Since when are circuit board designs “idealized” concepts? There is a 1:1 representaion between circuit and glyph. The glyph may represent something made of many pieces or a sub component of a bigger piece (such as a transformer or an IC), but it still represents a discrete part that physically exists in 1:1 relation. You want an not gate? One wire in, one wire out, not gate in between.
Electronics are hard, physical things, they definitely exist.
Programs are made out of thoughts and concepts, and have about the same physical reality as pixie dust, and work basically the same way (think happy thoughts!)
No, I’m not kidding. You try holding a sort routine in your hand! Never happen, the best you can ever do is hold a representation of a sort routine in your hands, be it on paper, or arranged in magnetic bits on a platter, its still not the actual sort routine. The sort routine exists effermerally in the flow of electrons that blast through the cpu (which is made of those very real physical circuits we discussed earlier).
Programs, even when they are coded into a computer have as much physical substance as the original idea that spawned them.

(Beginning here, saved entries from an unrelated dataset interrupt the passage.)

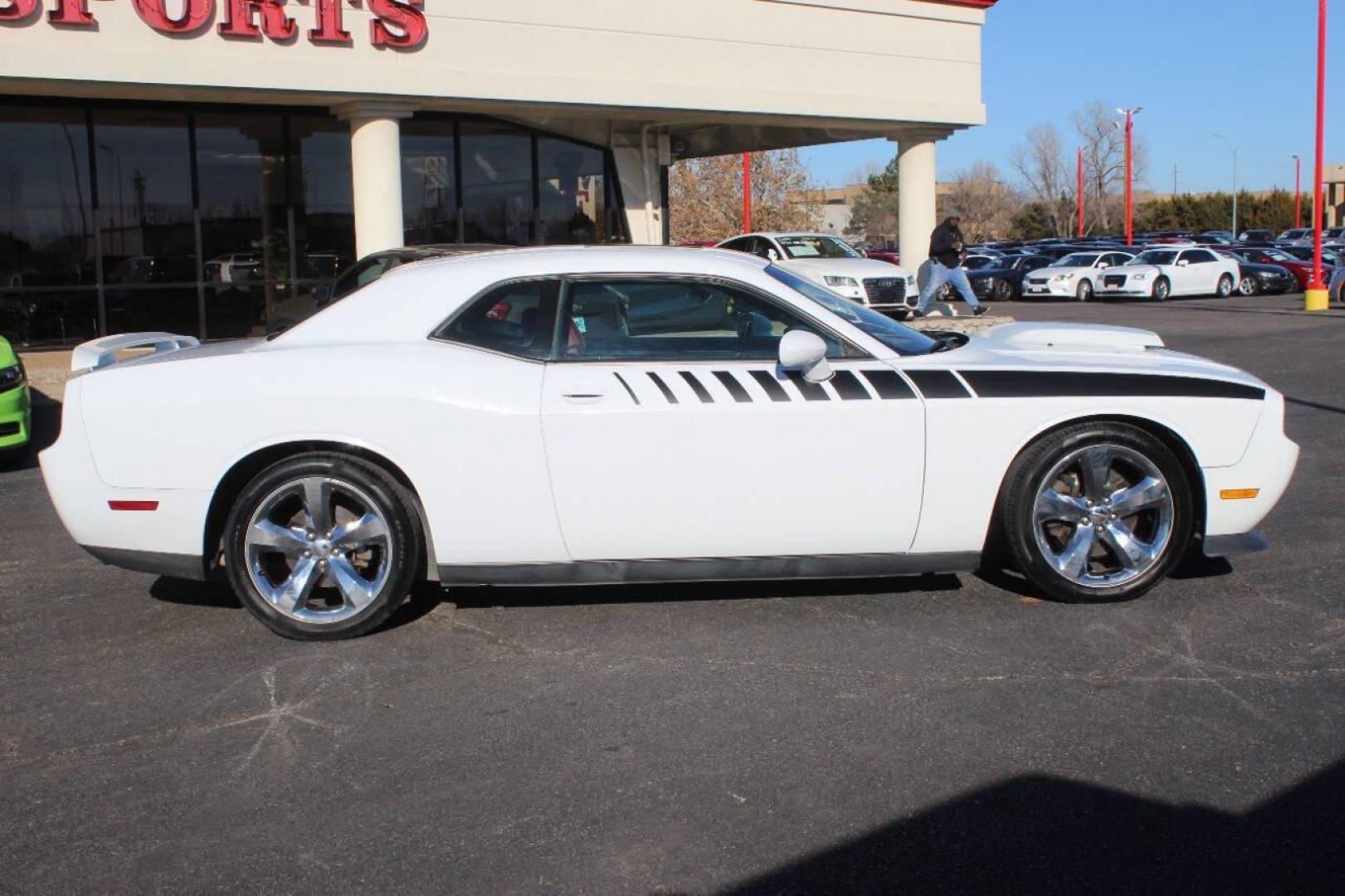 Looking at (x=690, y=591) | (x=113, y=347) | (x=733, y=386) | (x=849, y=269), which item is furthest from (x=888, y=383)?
(x=849, y=269)

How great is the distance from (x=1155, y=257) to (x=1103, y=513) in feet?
103

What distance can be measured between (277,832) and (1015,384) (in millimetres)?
3233

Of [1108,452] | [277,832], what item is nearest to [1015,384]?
[1108,452]

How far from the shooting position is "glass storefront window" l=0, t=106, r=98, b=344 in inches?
682

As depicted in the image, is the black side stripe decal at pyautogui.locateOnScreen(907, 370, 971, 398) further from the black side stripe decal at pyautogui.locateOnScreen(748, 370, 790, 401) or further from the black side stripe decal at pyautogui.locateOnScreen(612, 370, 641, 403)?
the black side stripe decal at pyautogui.locateOnScreen(612, 370, 641, 403)

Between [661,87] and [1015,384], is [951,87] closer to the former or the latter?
[661,87]

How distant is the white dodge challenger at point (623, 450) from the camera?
530 cm

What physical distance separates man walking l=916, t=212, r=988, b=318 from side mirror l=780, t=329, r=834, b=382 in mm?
A: 13054

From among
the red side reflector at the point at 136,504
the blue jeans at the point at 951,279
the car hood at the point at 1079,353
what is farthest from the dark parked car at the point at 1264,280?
the red side reflector at the point at 136,504

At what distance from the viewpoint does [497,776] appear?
160 inches

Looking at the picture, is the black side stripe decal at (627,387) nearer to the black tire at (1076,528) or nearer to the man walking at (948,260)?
the black tire at (1076,528)

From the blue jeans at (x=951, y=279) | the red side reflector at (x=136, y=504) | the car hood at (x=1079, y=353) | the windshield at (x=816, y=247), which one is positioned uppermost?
the windshield at (x=816, y=247)

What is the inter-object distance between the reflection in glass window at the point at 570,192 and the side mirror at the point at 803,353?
16542 mm

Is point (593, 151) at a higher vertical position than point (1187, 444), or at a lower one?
higher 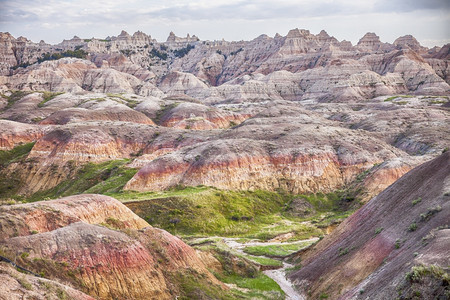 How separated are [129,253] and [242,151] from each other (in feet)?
152

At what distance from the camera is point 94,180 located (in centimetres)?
8175

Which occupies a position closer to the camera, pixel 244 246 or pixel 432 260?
pixel 432 260

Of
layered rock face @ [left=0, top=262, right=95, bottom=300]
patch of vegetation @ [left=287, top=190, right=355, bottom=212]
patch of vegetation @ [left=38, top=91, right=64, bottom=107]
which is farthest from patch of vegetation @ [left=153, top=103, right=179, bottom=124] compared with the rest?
layered rock face @ [left=0, top=262, right=95, bottom=300]

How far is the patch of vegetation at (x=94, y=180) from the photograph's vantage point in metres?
74.1

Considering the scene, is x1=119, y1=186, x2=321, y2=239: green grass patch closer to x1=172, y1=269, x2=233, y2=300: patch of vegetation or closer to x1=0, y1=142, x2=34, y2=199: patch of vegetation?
x1=172, y1=269, x2=233, y2=300: patch of vegetation

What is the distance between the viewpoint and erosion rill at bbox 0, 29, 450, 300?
993 inches

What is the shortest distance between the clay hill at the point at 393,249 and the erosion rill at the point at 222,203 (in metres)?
0.11

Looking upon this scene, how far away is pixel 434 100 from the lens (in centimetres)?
14325

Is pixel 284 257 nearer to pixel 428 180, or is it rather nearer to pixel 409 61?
pixel 428 180

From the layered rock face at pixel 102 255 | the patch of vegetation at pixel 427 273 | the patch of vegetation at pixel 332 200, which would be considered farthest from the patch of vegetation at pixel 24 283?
the patch of vegetation at pixel 332 200

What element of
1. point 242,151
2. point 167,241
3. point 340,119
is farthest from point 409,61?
point 167,241

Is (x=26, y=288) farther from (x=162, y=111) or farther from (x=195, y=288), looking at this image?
(x=162, y=111)

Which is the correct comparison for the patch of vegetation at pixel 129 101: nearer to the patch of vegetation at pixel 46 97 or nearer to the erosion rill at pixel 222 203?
the erosion rill at pixel 222 203

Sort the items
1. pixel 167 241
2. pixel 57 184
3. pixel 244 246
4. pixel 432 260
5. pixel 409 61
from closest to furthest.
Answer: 1. pixel 432 260
2. pixel 167 241
3. pixel 244 246
4. pixel 57 184
5. pixel 409 61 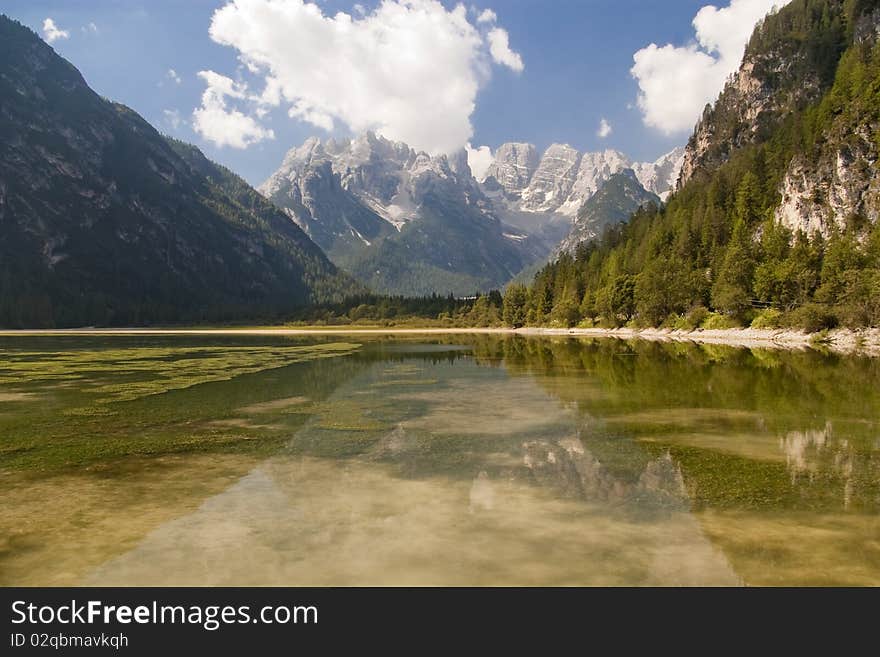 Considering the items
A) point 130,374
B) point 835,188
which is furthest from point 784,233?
point 130,374

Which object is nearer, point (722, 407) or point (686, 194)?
point (722, 407)

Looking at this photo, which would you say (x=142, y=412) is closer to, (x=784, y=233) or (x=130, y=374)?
(x=130, y=374)

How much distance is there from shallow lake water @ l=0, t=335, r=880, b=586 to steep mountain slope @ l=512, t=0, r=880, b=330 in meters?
70.1

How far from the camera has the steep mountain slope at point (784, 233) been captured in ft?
316

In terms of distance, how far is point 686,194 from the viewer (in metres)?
185

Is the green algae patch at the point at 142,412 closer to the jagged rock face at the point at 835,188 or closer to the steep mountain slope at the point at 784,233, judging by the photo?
the steep mountain slope at the point at 784,233

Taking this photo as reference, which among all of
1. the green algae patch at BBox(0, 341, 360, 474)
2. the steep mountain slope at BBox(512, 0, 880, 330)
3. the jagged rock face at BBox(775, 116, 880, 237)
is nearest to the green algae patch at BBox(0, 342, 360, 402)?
the green algae patch at BBox(0, 341, 360, 474)

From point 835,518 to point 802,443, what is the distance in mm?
8958

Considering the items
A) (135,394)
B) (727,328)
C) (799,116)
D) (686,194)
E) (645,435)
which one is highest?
(799,116)

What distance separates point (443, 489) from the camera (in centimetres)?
1573

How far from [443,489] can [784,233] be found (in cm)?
12555

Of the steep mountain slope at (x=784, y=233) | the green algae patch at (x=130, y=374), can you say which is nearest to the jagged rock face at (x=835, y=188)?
the steep mountain slope at (x=784, y=233) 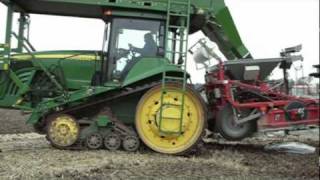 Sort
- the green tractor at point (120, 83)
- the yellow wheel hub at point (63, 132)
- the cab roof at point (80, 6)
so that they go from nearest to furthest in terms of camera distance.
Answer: the yellow wheel hub at point (63, 132) → the green tractor at point (120, 83) → the cab roof at point (80, 6)

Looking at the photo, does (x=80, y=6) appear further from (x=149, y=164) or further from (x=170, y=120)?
(x=149, y=164)

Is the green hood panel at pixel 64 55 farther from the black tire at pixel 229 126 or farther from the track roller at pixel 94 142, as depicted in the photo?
the black tire at pixel 229 126

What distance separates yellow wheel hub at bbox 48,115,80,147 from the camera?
402 inches

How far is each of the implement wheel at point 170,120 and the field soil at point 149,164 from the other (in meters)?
0.26

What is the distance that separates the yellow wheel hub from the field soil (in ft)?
0.69

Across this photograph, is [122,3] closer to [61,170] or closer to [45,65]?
[45,65]

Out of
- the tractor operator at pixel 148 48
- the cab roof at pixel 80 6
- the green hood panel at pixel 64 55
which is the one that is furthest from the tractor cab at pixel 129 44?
the green hood panel at pixel 64 55

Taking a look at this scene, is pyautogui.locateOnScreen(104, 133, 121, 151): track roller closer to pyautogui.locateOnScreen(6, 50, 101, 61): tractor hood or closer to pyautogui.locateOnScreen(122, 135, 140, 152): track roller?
pyautogui.locateOnScreen(122, 135, 140, 152): track roller

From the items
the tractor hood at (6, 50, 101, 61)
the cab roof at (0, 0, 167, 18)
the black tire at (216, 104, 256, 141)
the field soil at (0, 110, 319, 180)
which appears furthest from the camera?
the black tire at (216, 104, 256, 141)

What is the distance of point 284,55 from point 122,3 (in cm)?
375

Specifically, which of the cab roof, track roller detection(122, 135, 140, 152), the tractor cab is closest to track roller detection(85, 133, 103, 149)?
track roller detection(122, 135, 140, 152)

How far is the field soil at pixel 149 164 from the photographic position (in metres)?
7.87

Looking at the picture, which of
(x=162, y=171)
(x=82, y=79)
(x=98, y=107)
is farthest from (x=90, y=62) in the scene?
(x=162, y=171)

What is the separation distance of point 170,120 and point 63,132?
76.1 inches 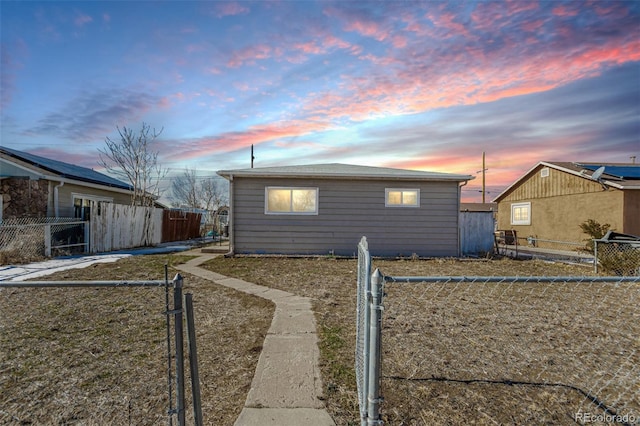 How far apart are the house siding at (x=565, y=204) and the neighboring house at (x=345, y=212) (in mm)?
6552

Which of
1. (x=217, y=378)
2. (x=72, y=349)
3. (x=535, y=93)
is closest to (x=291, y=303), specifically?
(x=217, y=378)

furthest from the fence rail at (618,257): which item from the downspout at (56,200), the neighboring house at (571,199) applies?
the downspout at (56,200)

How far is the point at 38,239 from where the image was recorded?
34.6ft

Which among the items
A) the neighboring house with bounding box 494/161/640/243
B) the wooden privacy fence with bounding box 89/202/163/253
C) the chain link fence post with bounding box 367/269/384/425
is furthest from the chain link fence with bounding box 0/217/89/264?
the neighboring house with bounding box 494/161/640/243

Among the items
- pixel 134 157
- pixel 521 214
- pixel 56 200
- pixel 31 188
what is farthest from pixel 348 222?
pixel 521 214

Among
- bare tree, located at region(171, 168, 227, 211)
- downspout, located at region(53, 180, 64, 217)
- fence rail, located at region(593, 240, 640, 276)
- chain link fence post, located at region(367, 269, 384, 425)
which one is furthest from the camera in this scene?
bare tree, located at region(171, 168, 227, 211)

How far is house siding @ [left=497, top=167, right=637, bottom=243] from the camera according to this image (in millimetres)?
14211

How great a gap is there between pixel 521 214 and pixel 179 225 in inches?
842

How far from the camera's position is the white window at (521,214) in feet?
61.9

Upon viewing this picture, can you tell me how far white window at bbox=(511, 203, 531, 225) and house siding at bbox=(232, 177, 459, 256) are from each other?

I’ve never lost my original sense of wonder that what we are doing is closer to magic than science is so many ways.
As such, how do you diagram an idea? Can you draw a conclusion? Draw happy? Draw a stubbed toe!
It doesn’t work. Restricting the ideas to computers makes the problem harder, not easier. How abstract should your diagram be? Do you draw boxes for the applications? For the methods? THe variables? Is a sort routine an funnel instead of a box? Maybe a robot shuffling blocks? How much detail do you use? How much do you need?
No diagraming concept ever works for everyone, because thought is a personal experience and you can only diagram a thought like everyone else if you think exactly like them.
Worse, a style for drawing batch process doesn’t work for state transitions, but state transitions include tiny batches.
UML diagramming for everything is an attempt to catch the wind, and equally doomed.
Ultimately, the diagram IS the code. The code really just represents the idea with more detail. UML is just a doodle along the way.